= Beginning of Section =

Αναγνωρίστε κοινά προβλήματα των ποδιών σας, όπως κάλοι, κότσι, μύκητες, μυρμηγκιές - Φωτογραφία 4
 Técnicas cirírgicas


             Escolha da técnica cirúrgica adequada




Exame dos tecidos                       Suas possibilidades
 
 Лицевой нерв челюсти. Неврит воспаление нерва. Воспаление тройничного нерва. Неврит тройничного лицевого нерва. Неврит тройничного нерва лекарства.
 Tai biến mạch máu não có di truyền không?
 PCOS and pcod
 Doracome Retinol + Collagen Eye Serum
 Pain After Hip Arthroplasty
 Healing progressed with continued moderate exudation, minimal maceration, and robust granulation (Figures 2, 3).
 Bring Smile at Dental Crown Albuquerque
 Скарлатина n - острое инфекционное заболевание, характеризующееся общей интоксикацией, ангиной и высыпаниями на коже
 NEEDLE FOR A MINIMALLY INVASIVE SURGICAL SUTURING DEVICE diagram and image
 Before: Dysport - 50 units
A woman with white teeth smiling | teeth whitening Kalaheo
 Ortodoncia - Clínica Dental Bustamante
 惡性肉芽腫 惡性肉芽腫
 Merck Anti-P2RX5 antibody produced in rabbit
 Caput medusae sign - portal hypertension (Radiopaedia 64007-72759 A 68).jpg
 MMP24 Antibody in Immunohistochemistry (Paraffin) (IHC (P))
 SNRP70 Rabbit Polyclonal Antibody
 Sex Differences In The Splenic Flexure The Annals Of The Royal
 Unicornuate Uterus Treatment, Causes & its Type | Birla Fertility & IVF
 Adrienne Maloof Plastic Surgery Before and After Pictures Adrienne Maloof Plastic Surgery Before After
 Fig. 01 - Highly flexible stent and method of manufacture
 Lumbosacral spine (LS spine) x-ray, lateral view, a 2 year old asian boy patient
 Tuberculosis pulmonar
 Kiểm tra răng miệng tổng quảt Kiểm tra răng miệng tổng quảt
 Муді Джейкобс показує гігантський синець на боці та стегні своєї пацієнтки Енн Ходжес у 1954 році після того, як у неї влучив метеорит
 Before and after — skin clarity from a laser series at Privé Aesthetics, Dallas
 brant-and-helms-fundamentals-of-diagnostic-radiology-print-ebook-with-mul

= End of Section =

# EXERCISE AIM:
All entries must be printed exactly, with nothing omitted.

# RESPONSE TO THE EXERCISE:
Αναγνωρίστε κοινά προβλήματα των ποδιών σας, όπως κάλοι, κότσι, μύκητες, μυρμηγκιές - Φωτογραφία 4
 Técnicas cirírgicas


             Escolha da técnica cirúrgica adequada




Exame dos tecidos                       Suas possibilidades
 
 Лицевой нерв челюсти. Неврит воспаление нерва. Воспаление тройничного нерва. Неврит тройничного лицевого нерва. Неврит тройничного нерва лекарства.
 Tai biến mạch máu não có di truyền không?
 PCOS and pcod
 Doracome Retinol + Collagen Eye Serum
 Pain After Hip Arthroplasty
 Healing progressed with continued moderate exudation, minimal maceration, and robust granulation (Figures 2, 3).
 Bring Smile at Dental Crown Albuquerque
 Скарлатина n - острое инфекционное заболевание, характеризующееся общей интоксикацией, ангиной и высыпаниями на коже
 NEEDLE FOR A MINIMALLY INVASIVE SURGICAL SUTURING DEVICE diagram and image
 Before: Dysport - 50 units
A woman with white teeth smiling | teeth whitening Kalaheo
 Ortodoncia - Clínica Dental Bustamante
 惡性肉芽腫 惡性肉芽腫
 Merck Anti-P2RX5 antibody produced in rabbit
 Caput medusae sign - portal hypertension (Radiopaedia 64007-72759 A 68).jpg
 MMP24 Antibody in Immunohistochemistry (Paraffin) (IHC (P))
 SNRP70 Rabbit Polyclonal Antibody
 Sex Differences In The Splenic Flexure The Annals Of The Royal
 Unicornuate Uterus Treatment, Causes & its Type | Birla Fertility & IVF
 Adrienne Maloof Plastic Surgery Before and After Pictures Adrienne Maloof Plastic Surgery Before After
 Fig. 01 - Highly flexible stent and method of manufacture
 Lumbosacral spine (LS spine) x-ray, lateral view, a 2 year old asian boy patient
 Tuberculosis pulmonar
 Kiểm tra răng miệng tổng quảt Kiểm tra răng miệng tổng quảt
 Муді Джейкобс показує гігантський синець на боці та стегні своєї пацієнтки Енн Ходжес у 1954 році після того, як у неї влучив метеорит
 Before and after — skin clarity from a laser series at Privé Aesthetics, Dallas
 brant-and-helms-fundamentals-of-diagnostic-radiology-print-ebook-with-mul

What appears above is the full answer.